Funny thing is, the fan outputs go to big contactors, with auxiliarys that control the light on the panel telling you which fan is running, but the actual fan power supply does not go through them. The 480V lines go to VFDs that run the fans. There is a small relay that is controlled by an auxiliary on the fan 2 contactor that is the only thing telling the VFDs to switch to fan 2 instead of fan 1. It seems funny that there is this great big contactor controlling one little light, a small relay, and an input back to the PLC telling it that the contactor is on.

Mtn,

I think you discovered the cause of one of your problems. The PLC is getting erroneous data inputs from the contactors. It thinks it knows when the fans are ON, but in reality the fans are being controlled by the VFD (which could be ON or OFF when the contactor is still ON). I would bet some money that the fans were once run directly from the contactors, but at some time the VFDs were added, and the old PLC program was jury-rigged (but not very well).

The best long-term solution is to send an output from the VFD back to the PLC that shows the VFD is indeed in RUN mode. Most VFDs have at least one relay output which can be used for this function. Otherwise, your PLC is flying blind. That may have worked in good weather, but as you discovered, in bad weather you are going to need to add some radar!

 

[OkiePC]

+1 for what Lancie said.

For proof of operation, we often use a programmable VFD contact and set it up for "At Speed". This way, we know that the VFD has finished accelerating and isn't having any problems (except maybe a broken motor shaft...). If the VFD encounters an excessive load or for whatever reason is unable to attain the speed setting, that relay will open.

"Drive Running" is another common choice, although the drive can be running for quite a long time in some situations when the load is actually stalled.

 

[Clay B.]

If I was a betting man...

First I would bet Lancie is dead on with why that contact is there.

Second I would bet that "drive running" is probably a better function for the drive relay than "at speed". I will bet that the dampers are controlled by fan running and waiting for speed might be to long.
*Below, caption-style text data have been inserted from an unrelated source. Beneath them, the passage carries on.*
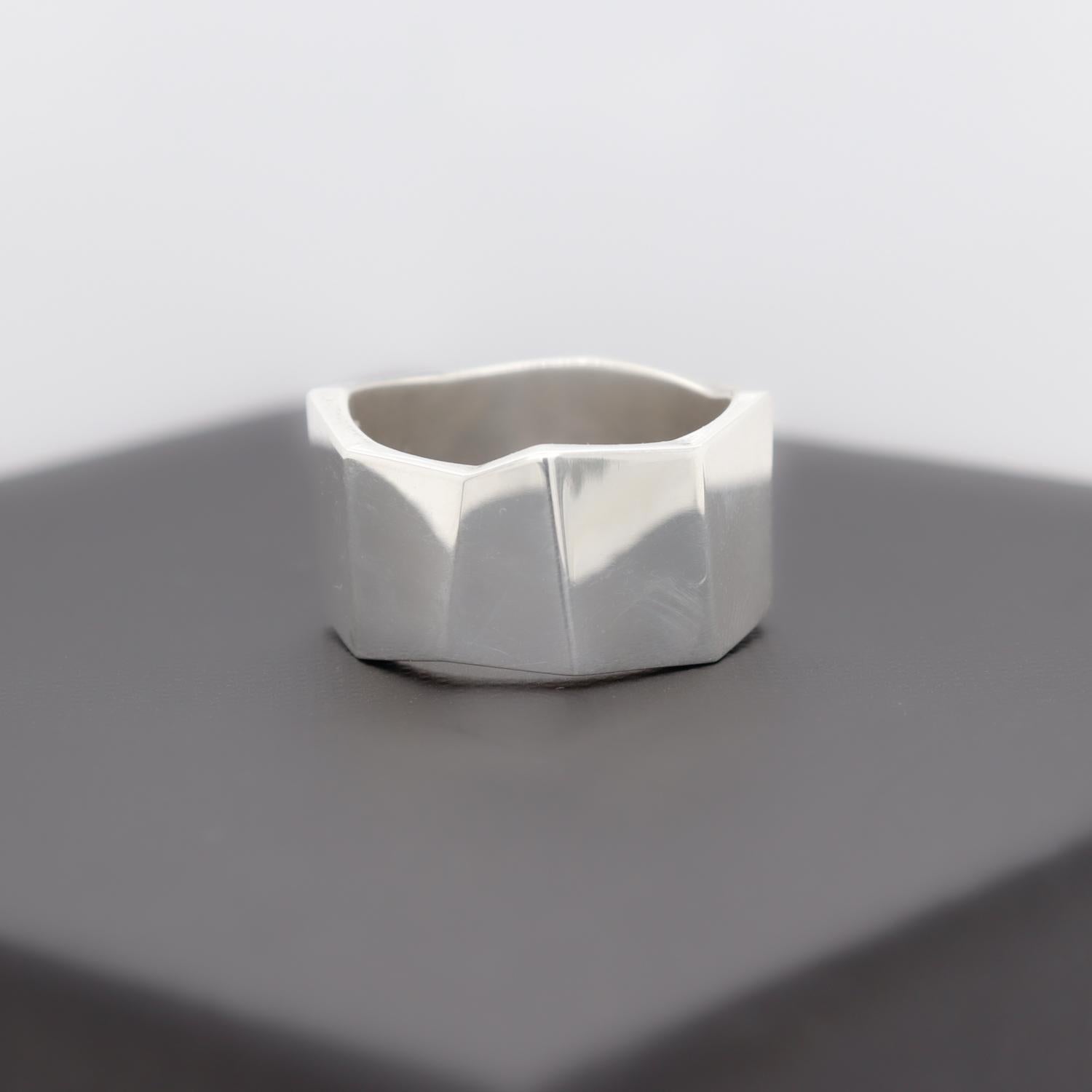 Tiffany & Co. Frank Gehry gefalteter Sterlingsilber-Ring 11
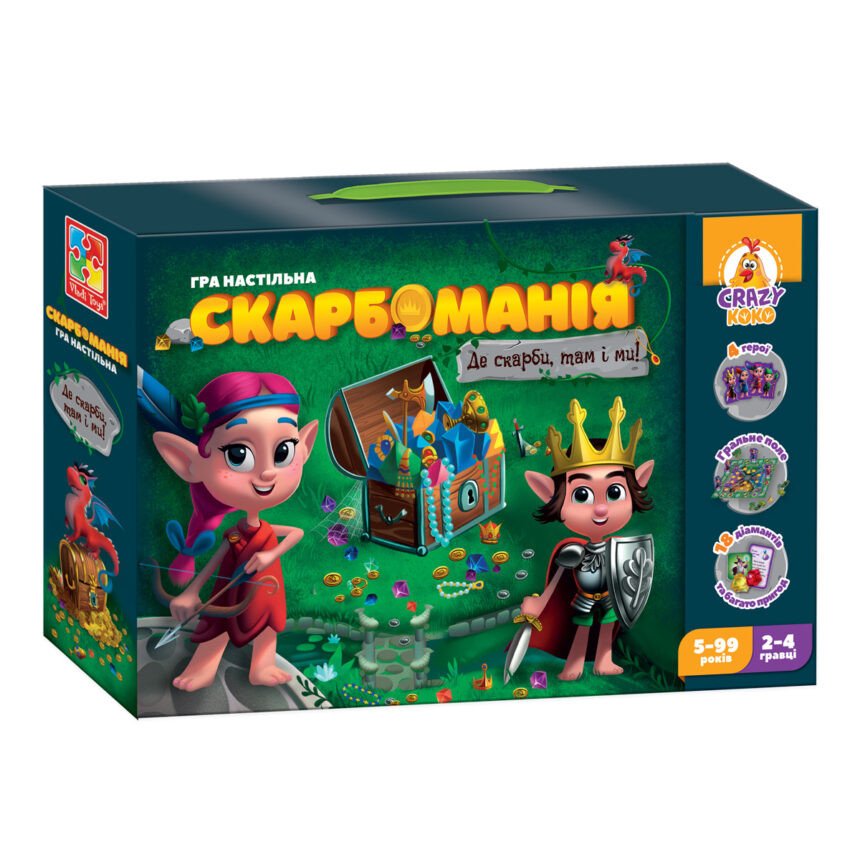 

Игра настольная "Скарбомания" Vladi Toys VT8055-30 укр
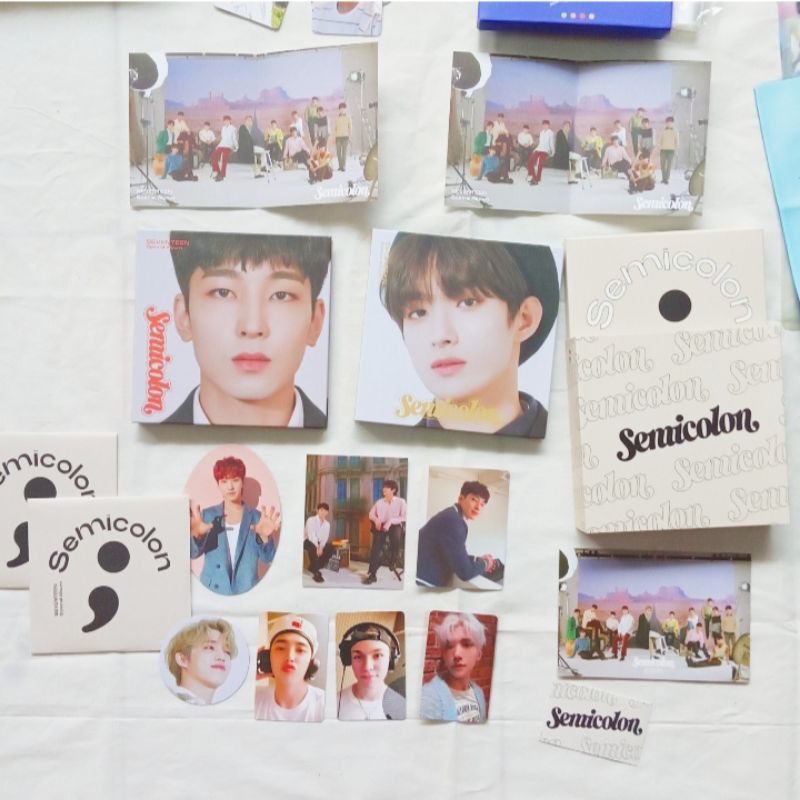 Album Seventeen Semicolon dk wonwoo scoups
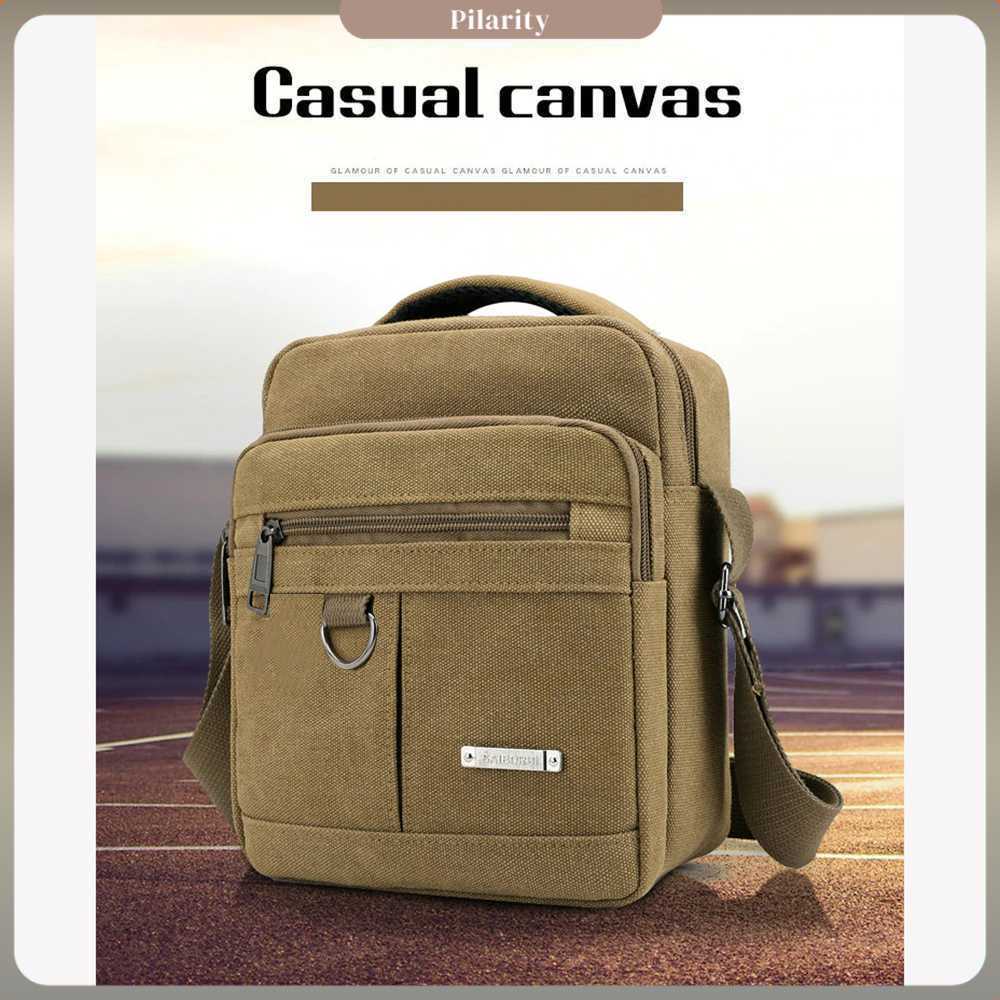 JINGPIN Tas Selempang Pria Canvas Men Shoulder Bag - 1986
You could generate a lot of pressure against the damper if the fan gets up to speed before the damper opens.

 

[OkiePC]

Yes, Clay, you are right. Most of our applications using "At Speed" are conveyors moving loose product. A fan is a different matter entirely.

 

[Lancie1]

Paul and Clay, we are going to have this thing figured out by remote party-line troubleshooting! We can make that system run like a top, and get rid of some of the old trash!
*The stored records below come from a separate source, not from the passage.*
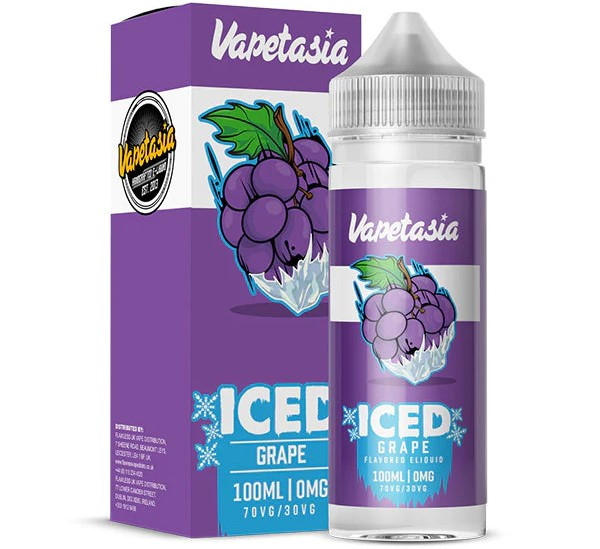 Iced Grape E Liquid 100ml By Vapetasia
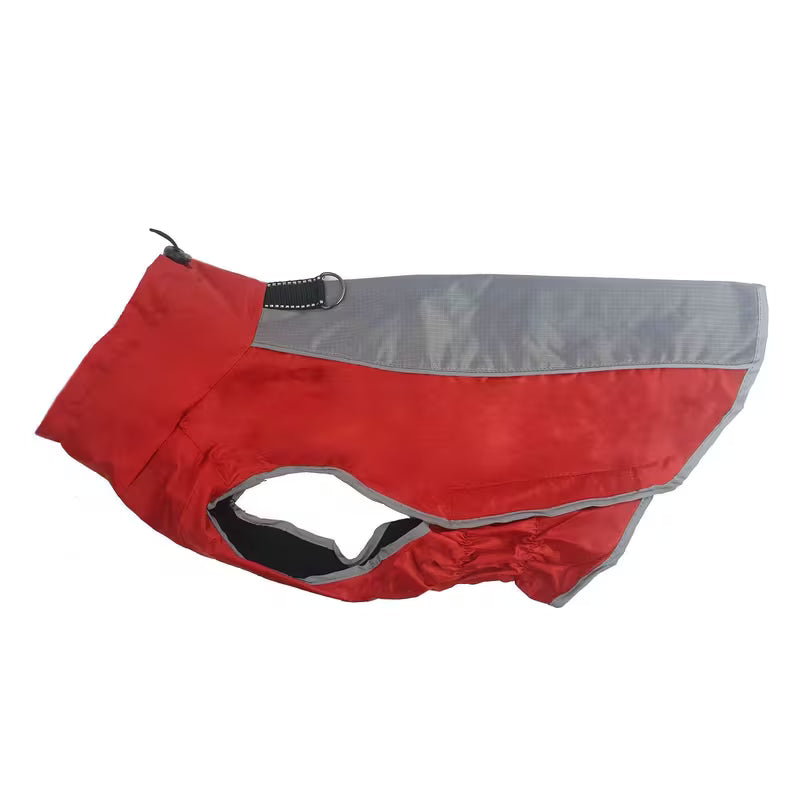 Waterproof Dachshund coat with soft fleece lining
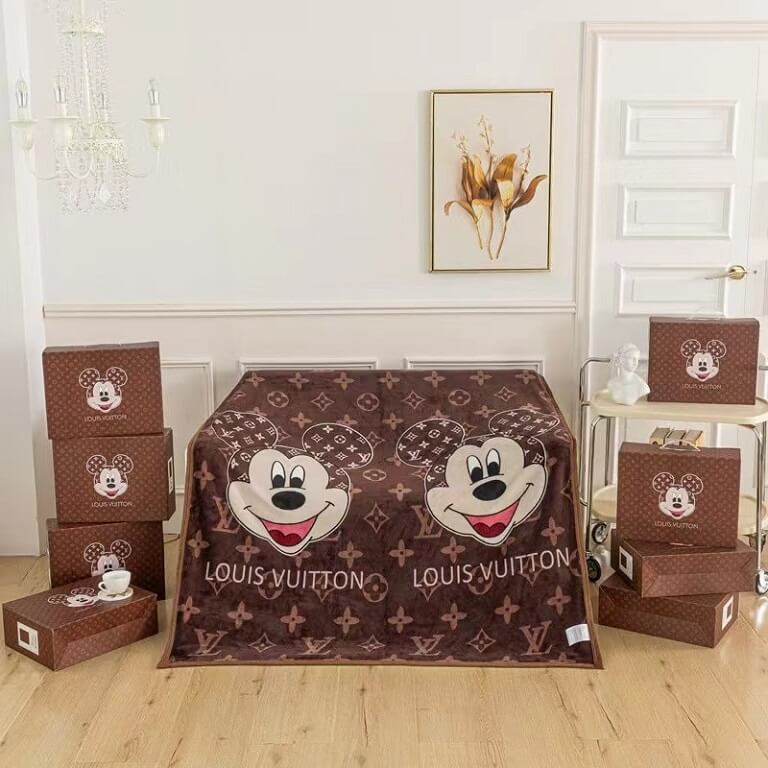 Personalized cartoon mouse blanket 913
Another wise change would be to add a couple of PLC inputs for each of those Belimo actuators. I have used those before (a clock motor with usually some position contacts), fairly dependable as long as you don't overload the motor.

Belimo Part Nr.: AF120-S US
Auxiliary Switch: 2 x SPDT 7A (2.5A) @ 250 VAC, UL approved, one set at +5°, one adjustable 25° to 85°

Mtn, if you are using the one you posted, then it does have CLOSED and OPEN auxiliary position switch outputs. Run 3 wires back to a Micrologix digital input module, and you will have something to show the damper positions, instead of having to A$$-U-ME that it did open or did close when it was supposed to.

 

[Clay B.]

Yes, Clay, you are right. Most of our applications using "At Speed" are conveyors moving loose product. A fan is a different matter entirely.

I actually use both in our processes. Sometimes we need to know if a conveyor is at speed and sometimes we just want to know we started it.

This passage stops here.